The band strives to convey their personal experiences within their music in the hope that others who may need that connection can relate. It is their strong bond as a unit that allows them to do so successfully. “We spend as much time having conversations about what we’re going through or seeing and experiencing in life as we do actually writing and playing music. This definitely shapes our songs.” The process also involves immersing themselves in a range of music for inspiration; however, they are adamant they are not driven to create a specific genre: “We aim to stand for creating an organic representation of three young people’s experiences.”

Pursuing a career path within the music industry can bring uncertainty and lack of stability, so it is a learning curve for bands at Dead Naked Hippies’ level: “Navigating the music industry is difficult as there’s no right or wrong answer to how you do it and it can sometimes feel a little overwhelming, I guess.” She also notes that juggling the day to day life and band balance can prove intense: “it is hard finding the time to make sure we’re looking after ourselves in among working hard at it, holding down our day jobs and looking after our health!” However, the band feel fortunate and happy to be part of a thriving local underground scene within Leeds: “we’ve had lots of brilliant experiences playing in and around Leeds. There is lots going on to support bands and artists here.” Lucy feels that bands and fans really support one another in their local scene and even notes the importance of one of the venues for them creatively: “We rehearse at Temple of Boom and have done since day one. It’s a very quirky and really important creative little home for us.”

 

 

With an array of gigs up and down the country, Dead Naked Hippies are not slackers when it comes to touring but do note that not every gig is always as expected: “every single gig is an experience for us – some amazing & some terrible. That’s the joy of being in a band. Sometimes you learn more and can take really valid lessons away from bad experiences.” Lucy enjoys building up a fanbase and constructing rapport with those on the scene: “It is the best! The people you meet and the conversations we’ve had with people we otherwise might not cross paths with usually.” Remaining mostly positive about touring, she ponders, “I guess the downside is when you get home in the small hours and have work that day.” When not out on the road or locked down in the studio recording material, the band all find downtime to practise hobbies they love – Lucy cooking up a storm in the kitchen, Jacob trying to do his best impression of Tony Hawk and Joe playing the daredevil at bouldering.

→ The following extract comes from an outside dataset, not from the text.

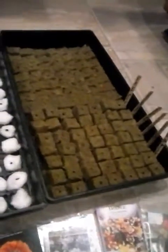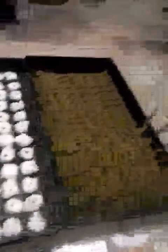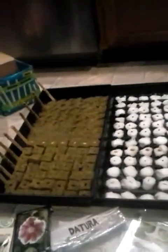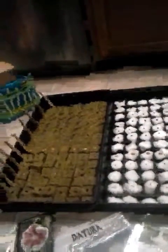Basically what I'm trying to do is see how stuff germinates and roots in both materials. I followed the instructions on the rockwool cubes, which say you have to soak them very briefly in water that has been pH balanced down to about 5.5.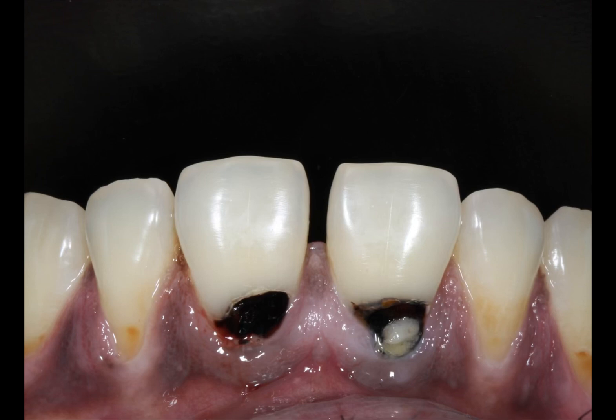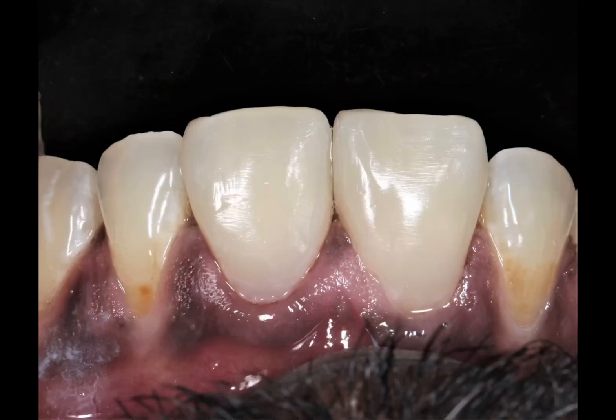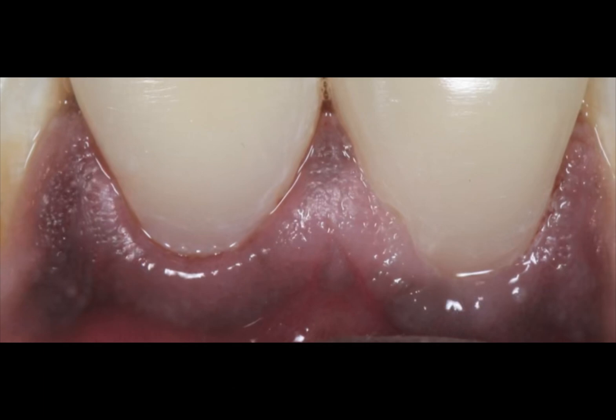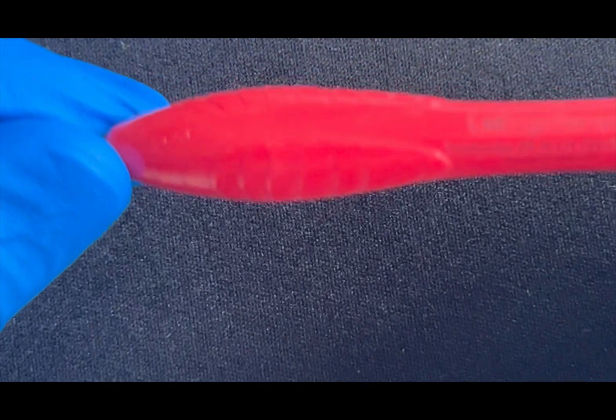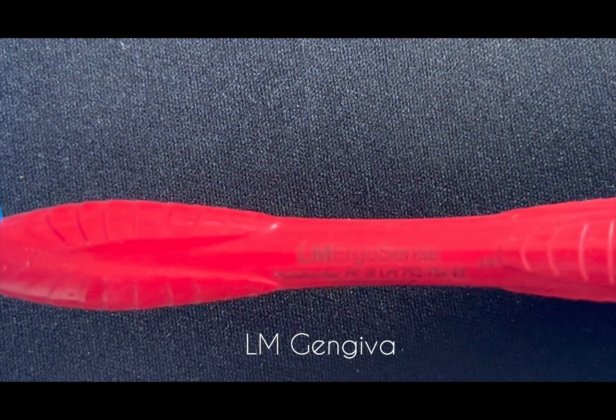I'm showing you another case which has a labial defect which is subgingival. I have used a unique instrument to retract the gingiva, isolated from moisture, and bonded with composites to get a beautiful restoration with adequate seal and integrity with soft tissues. The instrument I used is an Ellen gingiva, and this is how it is.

The bandmates are not short of opinions nor acknowledgement of social issues and hold a strong stance on the stigma surrounding mental health. Lucy admits to having her own struggles with mental health, saying that it is valuable to know others are in the same predicament: “there is still an unhealthy stigma attached to struggling mentally and this often makes people feel inadequate, weird and worthless.” Music allows Dead Naked Hippies to have a sense of purpose that benefits their mental health, as well as reach out to those in a similar place in their life: “playing music gives us a platform to help ourselves and others too.” Furthermore, the band want to challenge the ideas around gender in music. Although Lucy doesn’t feel she’s experienced negativity as a woman in a band, she is quick to note that comparisons to other bands with women can get tiresome: “It’s kind of looking at ‘girl’ as a genre, and it’s not and it shouldn’t be the case. A lot has to be said for the way we are on the inside.” As the lead in the band, Lucy is a raging force to be reckoned with, packing punches with her roaring vocals both live and on record, so it’s easy to see why she does not wish to be defined by her gender or perceived as a girl in a band. “Gender is to be embraced no matter how you identify, but it shouldn’t shape people’s perceptions of you. We think there’s a lot of power in that.”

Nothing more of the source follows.